As for economics, this has been discussed in volumous writing on this website. As Oil went from $40/brl to $110/brl and then down again, who in their right mind believes the economics has anything to do with the production or shipping?

We have the opportunity to do things differently. The only question/discussion should be how we can find a way to do it responsibly. Children attack ideas without offering alternatives. not adults.

Understanding issues is really very important.
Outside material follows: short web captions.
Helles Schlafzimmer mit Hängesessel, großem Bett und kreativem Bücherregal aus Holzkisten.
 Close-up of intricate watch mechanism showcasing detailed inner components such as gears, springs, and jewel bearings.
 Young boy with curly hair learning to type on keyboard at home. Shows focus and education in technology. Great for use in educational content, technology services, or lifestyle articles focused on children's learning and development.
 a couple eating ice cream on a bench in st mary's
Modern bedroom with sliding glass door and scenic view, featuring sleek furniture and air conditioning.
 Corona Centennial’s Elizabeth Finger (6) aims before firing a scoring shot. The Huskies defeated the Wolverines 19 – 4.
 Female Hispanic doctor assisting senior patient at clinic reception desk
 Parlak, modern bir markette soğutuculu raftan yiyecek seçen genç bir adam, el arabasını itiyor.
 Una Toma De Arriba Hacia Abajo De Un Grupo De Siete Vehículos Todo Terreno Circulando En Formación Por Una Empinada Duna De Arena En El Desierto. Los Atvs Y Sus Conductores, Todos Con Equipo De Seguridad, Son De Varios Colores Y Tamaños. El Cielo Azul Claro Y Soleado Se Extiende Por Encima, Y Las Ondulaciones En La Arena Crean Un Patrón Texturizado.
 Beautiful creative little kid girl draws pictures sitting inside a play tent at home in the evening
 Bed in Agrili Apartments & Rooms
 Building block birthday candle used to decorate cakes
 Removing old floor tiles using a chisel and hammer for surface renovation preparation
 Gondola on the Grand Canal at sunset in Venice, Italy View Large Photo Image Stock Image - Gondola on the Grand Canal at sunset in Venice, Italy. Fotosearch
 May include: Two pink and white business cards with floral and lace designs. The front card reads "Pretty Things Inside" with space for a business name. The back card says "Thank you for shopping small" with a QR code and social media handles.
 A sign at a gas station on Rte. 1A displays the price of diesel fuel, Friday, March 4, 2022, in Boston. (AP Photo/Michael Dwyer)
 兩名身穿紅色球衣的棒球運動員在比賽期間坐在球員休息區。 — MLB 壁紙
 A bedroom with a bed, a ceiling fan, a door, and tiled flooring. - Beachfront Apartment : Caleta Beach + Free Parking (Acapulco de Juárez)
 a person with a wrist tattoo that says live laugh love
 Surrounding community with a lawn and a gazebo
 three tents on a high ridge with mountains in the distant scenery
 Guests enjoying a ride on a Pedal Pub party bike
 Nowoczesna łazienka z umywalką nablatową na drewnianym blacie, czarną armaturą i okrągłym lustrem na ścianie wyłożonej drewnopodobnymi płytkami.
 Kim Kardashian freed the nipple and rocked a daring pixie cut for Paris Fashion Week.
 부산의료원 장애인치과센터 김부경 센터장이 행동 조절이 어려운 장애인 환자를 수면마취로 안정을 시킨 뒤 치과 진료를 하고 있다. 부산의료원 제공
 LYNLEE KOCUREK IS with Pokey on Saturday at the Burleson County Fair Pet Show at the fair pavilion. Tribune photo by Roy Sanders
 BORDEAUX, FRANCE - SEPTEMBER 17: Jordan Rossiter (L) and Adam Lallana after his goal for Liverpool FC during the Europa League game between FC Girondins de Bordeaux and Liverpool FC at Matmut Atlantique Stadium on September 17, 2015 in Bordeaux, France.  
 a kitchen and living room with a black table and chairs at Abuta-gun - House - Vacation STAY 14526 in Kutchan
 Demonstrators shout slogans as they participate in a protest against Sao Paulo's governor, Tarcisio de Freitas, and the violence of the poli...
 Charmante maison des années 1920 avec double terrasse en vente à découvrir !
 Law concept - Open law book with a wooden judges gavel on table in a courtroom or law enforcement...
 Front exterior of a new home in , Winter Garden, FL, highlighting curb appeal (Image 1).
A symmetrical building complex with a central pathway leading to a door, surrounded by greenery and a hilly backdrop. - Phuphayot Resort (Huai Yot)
The problem and solution for all ocean going tankers
http://www.terracedaily.ca/cgi-bin/show_articles.cgi?ID=9680&TOPIC=0

It's not good enough to just say, I'm against Enbridge
http://www.terracedaily.ca/cgi-bin/show_articles.cgi?ID=8933&TOPIC=0
Chris from far away
Comment by Kelly Derksen on 30th July 2012
I ask again, how many rail cars would be needed to hit the rails on a daily basis to make it economically feasible? Sure double walled tanks are better than single walled, but believe me they have leaked before as well. The equipment is only as good as the people making / installing, and ultimately in control of them. This is a true pie in the sky idea, and would never fly on an economic level, doesn't make fiscal sense. Are there other options out there? I have been following the Enbridge situation closely, and yes the amount of spills that are occurring are alarming for sure, but until someone comes up with an economically feasible option for shipping oil, this is where it's going, like it or not. I have heard the argument that the heavy oil should be refined in our own country, this I agree with, but unless refineries are constructed in the far north (in my opinion a bad idea with the harshest elements in winter) , we still have a pipeline required to get it to the refinery, where ever it would be constructed. Would there be the same amount of opposition if they were constructed in Kitimat or Terrace? Probably, because that is human nature, damned if you do, damned if you don't. You can't please everyone all the time, you can't even please some people most of the time, everyone has different ideas and goals, where do we go from here ??
enbridge,,,, the movie
Comment by chris from away on 30th July 2012
all good
containewrizing product so that spills are minimized is good
we don't need a leaking pipe that doesn't get detected for days on end,,, enbridge is a pipe company with a growing bad reputation for maintenence of their existing vast network.
yup, the new proposed line would bestate of the art, but nothinng is foolproof
yup, we all drive or travel somehow using oil products, or our groceries come from away, or (if you are a puritan that only rides your horse) then your extra hay travels down the highway
i live in montreal now, and seeing the masses travelling, all day, every day makes me wonder what the hell we are doiing

i guess that if alberta oil goes on trains instead of enbridges pipes, then there would be a whole bunch of first nations who would not get coin for a pipeline... catch 22
but again, if cn and the port of prince rupert are to be the benefactors of train system then i would require cn to build overpasses and vastly improve their present operations.... i have personal knowledge that there are very few locations along the skeena river to actually deploy spill containment booms so it is imperative that cn does more to upgrade its delivery systems before oil moves on the rails
same for prince rupert port's system of spill response plan.... a bunch of people with boats to throw out some absorbent booms and tampon-looking things
really.... and they get paid big bucks
oh well, as said before, i'm in montreal now.... they have screwed up the rivers here for decades.... don't let it happen to my friend, the skeena.
How many rail cars would needed
Comment by Kelly Derksen on 30th July 2012
Now, ill admit I am not an expert, but seriously?? How many rail cars would have to be used in order to make this cost effective? We would have trains miles long, again not a great substitute. Train derailments are in most case human error, in one way or another, so by exposing them to the increased demand and strain on workers, what could be the outcome.... MORE SPILLS!! I really don't see how this method would work, but hey that's just me!
Hope for the Hopeless
Comment by terry on 30th July 2012
I have been endlessly sharing this excellent alternative, it was a good idea to repost it.